- [Your goal] Only the lines below between the one holding "Ammortizzatore MANDO MSS020586" and the one holding "Истории девушек, решивших", inclusive, are to be reproduced word for word; the pictures are to be left out.

- [Information provided]
• • •

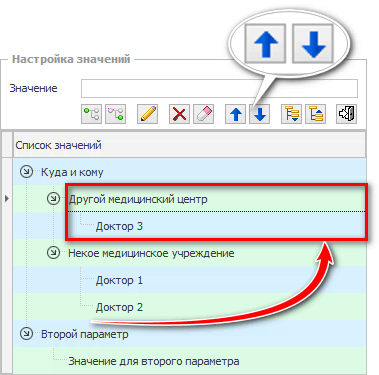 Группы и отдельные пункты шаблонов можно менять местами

• • •

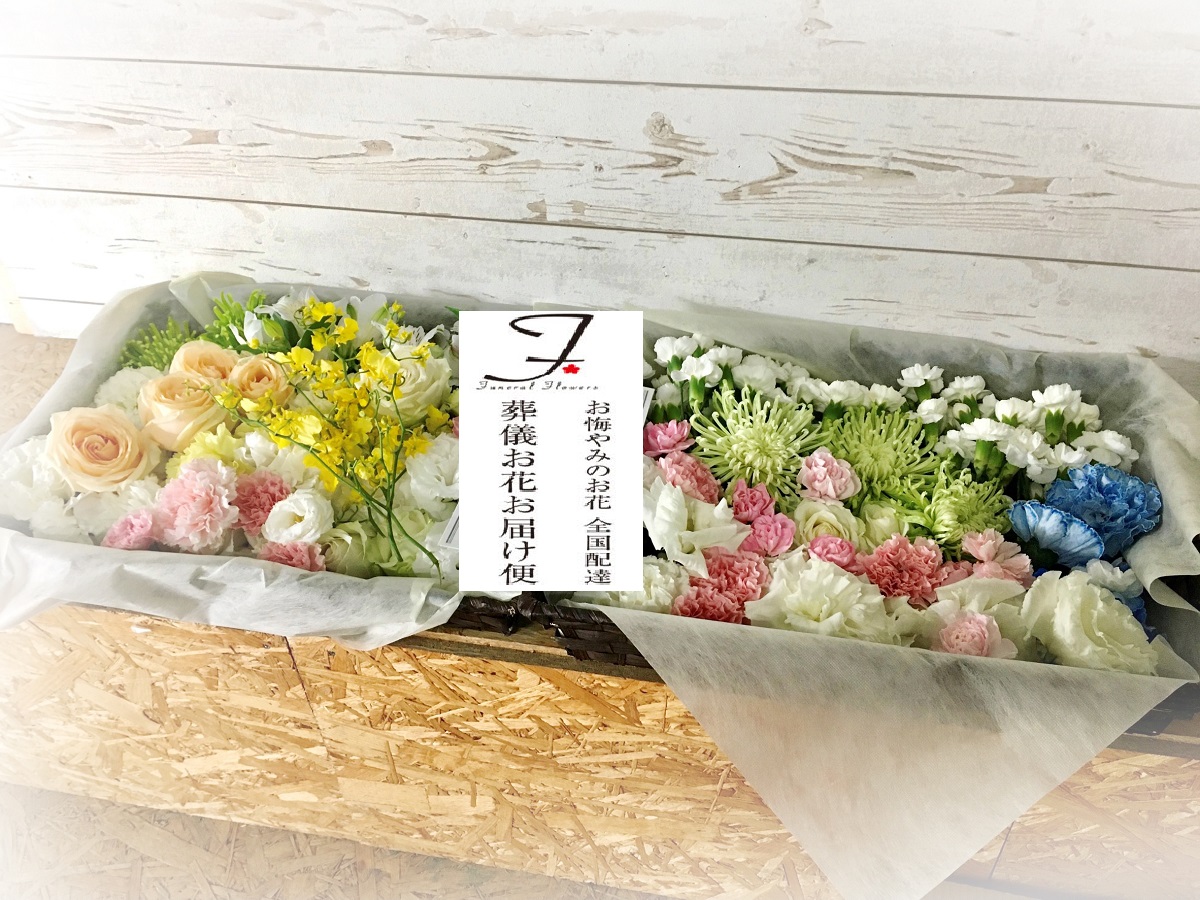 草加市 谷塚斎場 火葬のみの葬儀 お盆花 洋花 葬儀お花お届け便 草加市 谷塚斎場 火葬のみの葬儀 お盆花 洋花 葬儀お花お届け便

• • •

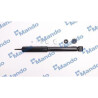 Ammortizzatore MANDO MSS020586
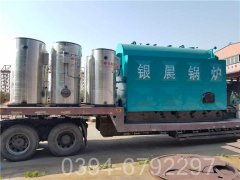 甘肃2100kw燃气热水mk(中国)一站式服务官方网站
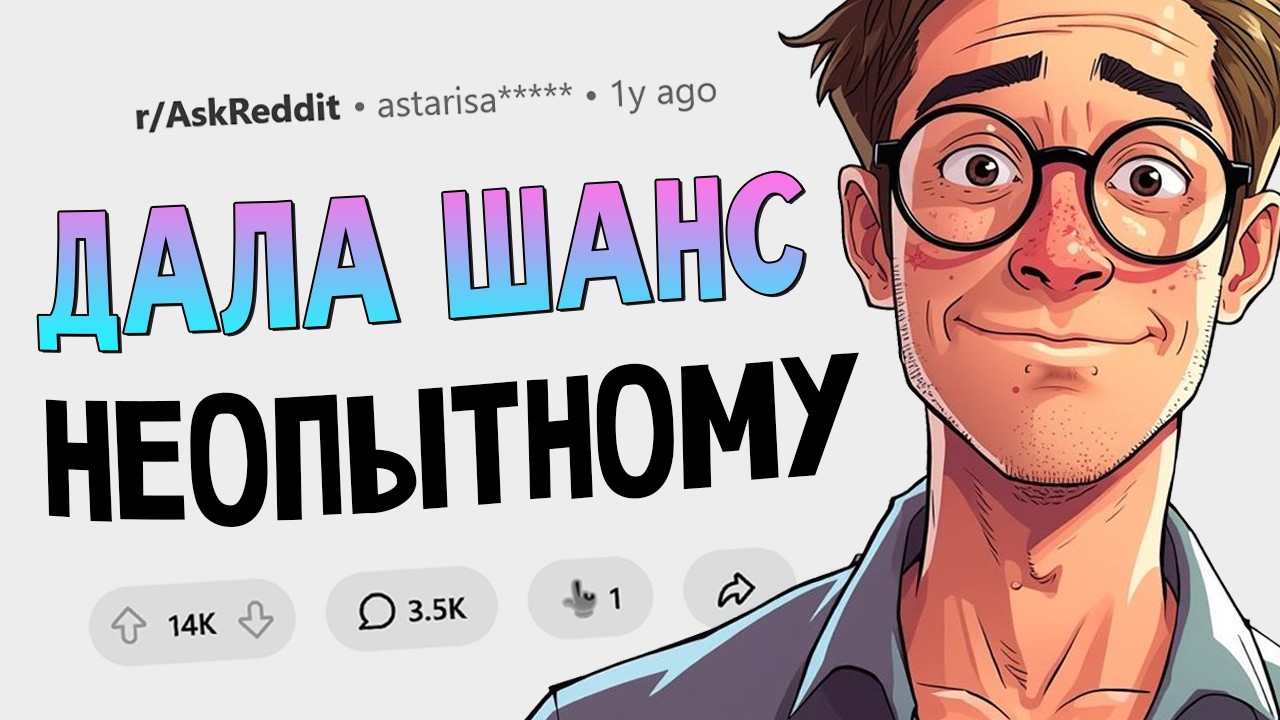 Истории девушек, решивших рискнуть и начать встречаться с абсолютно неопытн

• • •

- [Response for this exercise]
 Ammortizzatore MANDO MSS020586
 甘肃2100kw燃气热水mk(中国)一站式服务官方网站
 Истории девушек, решивших рискнуть и начать встречаться с абсолютно неопытн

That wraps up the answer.